**Task objective**:
From first line to last, transcribe the listing exactly and skip any image.

**Information supplied**:
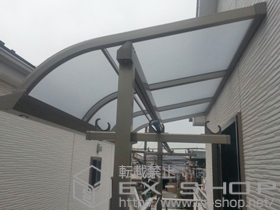 のバルコニー・ベランダ屋根 ライザーテラスII R型 屋根タイプ 単体 積雪〜20cm対応 施工例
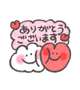ありがとうございました🍑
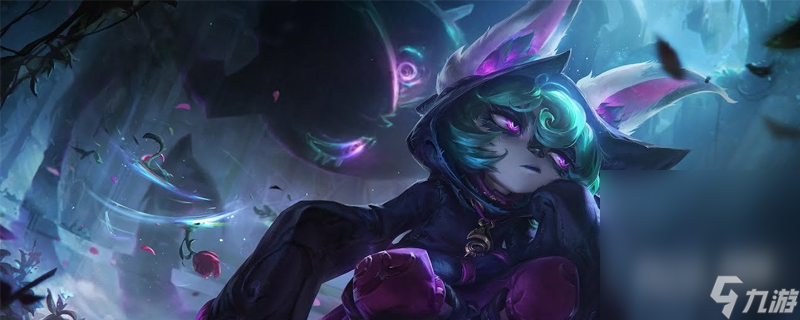 《英雄联盟》PBE13.17版本薇古丝加强介绍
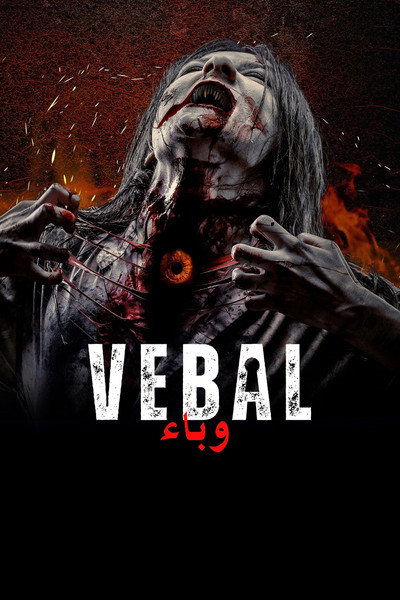 Póster de Vebal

**Your response**:
 のバルコニー・ベランダ屋根 ライザーテラスII R型 屋根タイプ 単体 積雪〜20cm対応 施工例
ありがとうございました🍑
 《英雄联盟》PBE13.17版本薇古丝加强介绍
 Póster de Vebal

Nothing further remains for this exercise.